Information shown:
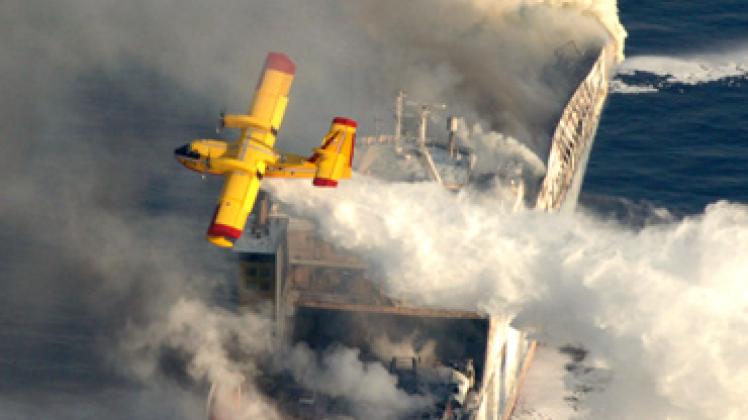 Drama im Mittelmeer: Ein Löschflugzeug über der brennenden "UND Adriyatik". Foto: dpa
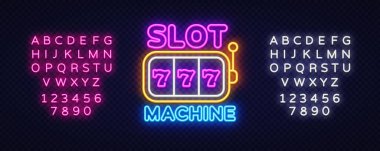 Neon tabela slot makinesi, üçlü 777 ile makaralar, yan kol ve canlı ışıklandırma. Her iki tarafta da tam alfabe koleksiyonu var. Vektör illüstrasyonu
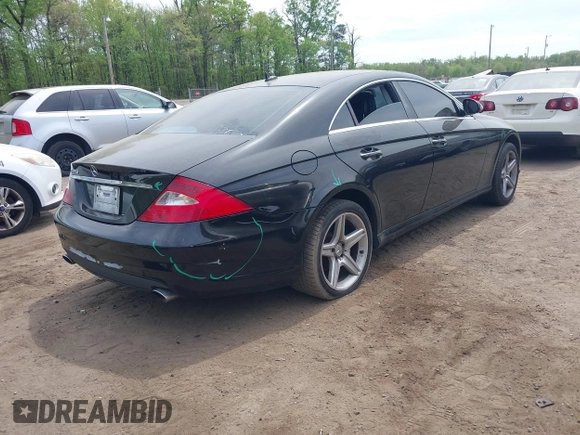2008 Mercedes-Benz CLS 550 z VIN WDDDJ72X68A124710, wystawiony jako IAAI lot #42077595 z przebiegiem Nie podano mil oraz . Historia ofert i sprzedaży dostępna na DreamBid. Obrazek 4.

What you have to do:
Every line above gets copied exactly; none of the pictures do.

Solution to the problem:
 Drama im Mittelmeer: Ein Löschflugzeug über der brennenden "UND Adriyatik". Foto: dpa
 Neon tabela slot makinesi, üçlü 777 ile makaralar, yan kol ve canlı ışıklandırma. Her iki tarafta da tam alfabe koleksiyonu var. Vektör illüstrasyonu
2008 Mercedes-Benz CLS 550 z VIN WDDDJ72X68A124710, wystawiony jako IAAI lot #42077595 z przebiegiem Nie podano mil oraz . Historia ofert i sprzedaży dostępna na DreamBid. Obrazek 4.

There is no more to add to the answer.